■ **GOAL OF THE EXERCISE**: Output the data in full. Keep every entry exactly as written.
····················
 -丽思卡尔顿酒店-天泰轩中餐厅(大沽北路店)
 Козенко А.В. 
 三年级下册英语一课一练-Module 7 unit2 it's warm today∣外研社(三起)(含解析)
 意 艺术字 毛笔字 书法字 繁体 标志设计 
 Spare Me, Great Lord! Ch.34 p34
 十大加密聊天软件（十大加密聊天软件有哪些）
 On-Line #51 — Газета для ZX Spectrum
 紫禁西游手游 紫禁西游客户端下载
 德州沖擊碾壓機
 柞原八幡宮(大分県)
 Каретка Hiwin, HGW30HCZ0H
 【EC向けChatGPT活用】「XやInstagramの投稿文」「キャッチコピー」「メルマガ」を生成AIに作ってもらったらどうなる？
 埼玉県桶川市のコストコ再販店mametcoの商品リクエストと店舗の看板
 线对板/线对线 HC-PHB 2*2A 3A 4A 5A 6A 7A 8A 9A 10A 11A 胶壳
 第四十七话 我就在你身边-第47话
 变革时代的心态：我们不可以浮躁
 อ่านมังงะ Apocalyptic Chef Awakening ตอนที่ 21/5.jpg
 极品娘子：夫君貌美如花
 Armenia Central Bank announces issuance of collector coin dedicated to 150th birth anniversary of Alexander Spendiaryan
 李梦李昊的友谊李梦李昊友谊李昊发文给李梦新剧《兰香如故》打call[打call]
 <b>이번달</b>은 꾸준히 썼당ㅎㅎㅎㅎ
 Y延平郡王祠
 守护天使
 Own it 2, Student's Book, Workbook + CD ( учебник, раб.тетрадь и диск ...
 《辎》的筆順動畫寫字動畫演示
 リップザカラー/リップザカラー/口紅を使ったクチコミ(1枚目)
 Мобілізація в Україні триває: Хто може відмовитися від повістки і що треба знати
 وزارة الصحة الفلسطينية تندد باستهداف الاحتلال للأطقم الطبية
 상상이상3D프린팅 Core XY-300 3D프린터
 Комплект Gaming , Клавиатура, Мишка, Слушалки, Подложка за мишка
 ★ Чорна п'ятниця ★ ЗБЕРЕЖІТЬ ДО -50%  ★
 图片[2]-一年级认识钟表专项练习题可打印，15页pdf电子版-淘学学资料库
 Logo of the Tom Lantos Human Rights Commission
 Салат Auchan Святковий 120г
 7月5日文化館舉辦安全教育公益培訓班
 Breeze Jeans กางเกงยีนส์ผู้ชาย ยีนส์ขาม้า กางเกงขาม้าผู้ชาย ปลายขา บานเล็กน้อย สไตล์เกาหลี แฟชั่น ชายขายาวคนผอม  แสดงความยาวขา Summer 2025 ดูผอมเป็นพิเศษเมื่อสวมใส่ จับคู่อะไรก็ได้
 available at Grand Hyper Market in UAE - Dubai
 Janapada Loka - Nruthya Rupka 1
····················
■ **RESPONSE**:
 -丽思卡尔顿酒店-天泰轩中餐厅(大沽北路店)
 Козенко А.В. 
 三年级下册英语一课一练-Module 7 unit2 it's warm today∣外研社(三起)(含解析)
 意 艺术字 毛笔字 书法字 繁体 标志设计 
 Spare Me, Great Lord! Ch.34 p34
 十大加密聊天软件（十大加密聊天软件有哪些）
 On-Line #51 — Газета для ZX Spectrum
 紫禁西游手游 紫禁西游客户端下载
 德州沖擊碾壓機
 柞原八幡宮(大分県)
 Каретка Hiwin, HGW30HCZ0H
 【EC向けChatGPT活用】「XやInstagramの投稿文」「キャッチコピー」「メルマガ」を生成AIに作ってもらったらどうなる？
 埼玉県桶川市のコストコ再販店mametcoの商品リクエストと店舗の看板
 线对板/线对线 HC-PHB 2*2A 3A 4A 5A 6A 7A 8A 9A 10A 11A 胶壳
 第四十七话 我就在你身边-第47话
 变革时代的心态：我们不可以浮躁
 อ่านมังงะ Apocalyptic Chef Awakening ตอนที่ 21/5.jpg
 极品娘子：夫君貌美如花
 Armenia Central Bank announces issuance of collector coin dedicated to 150th birth anniversary of Alexander Spendiaryan
 李梦李昊的友谊李梦李昊友谊李昊发文给李梦新剧《兰香如故》打call[打call]
 <b>이번달</b>은 꾸준히 썼당ㅎㅎㅎㅎ
 Y延平郡王祠
 守护天使
 Own it 2, Student's Book, Workbook + CD ( учебник, раб.тетрадь и диск ...
 《辎》的筆順動畫寫字動畫演示
 リップザカラー/リップザカラー/口紅を使ったクチコミ(1枚目)
 Мобілізація в Україні триває: Хто може відмовитися від повістки і що треба знати
 وزارة الصحة الفلسطينية تندد باستهداف الاحتلال للأطقم الطبية
 상상이상3D프린팅 Core XY-300 3D프린터
 Комплект Gaming , Клавиатура, Мишка, Слушалки, Подложка за мишка
 ★ Чорна п'ятниця ★ ЗБЕРЕЖІТЬ ДО -50%  ★
 图片[2]-一年级认识钟表专项练习题可打印，15页pdf电子版-淘学学资料库
 Logo of the Tom Lantos Human Rights Commission
 Салат Auchan Святковий 120г
 7月5日文化館舉辦安全教育公益培訓班
 Breeze Jeans กางเกงยีนส์ผู้ชาย ยีนส์ขาม้า กางเกงขาม้าผู้ชาย ปลายขา บานเล็กน้อย สไตล์เกาหลี แฟชั่น ชายขายาวคนผอม  แสดงความยาวขา Summer 2025 ดูผอมเป็นพิเศษเมื่อสวมใส่ จับคู่อะไรก็ได้
 available at Grand Hyper Market in UAE - Dubai
 Janapada Loka - Nruthya Rupka 1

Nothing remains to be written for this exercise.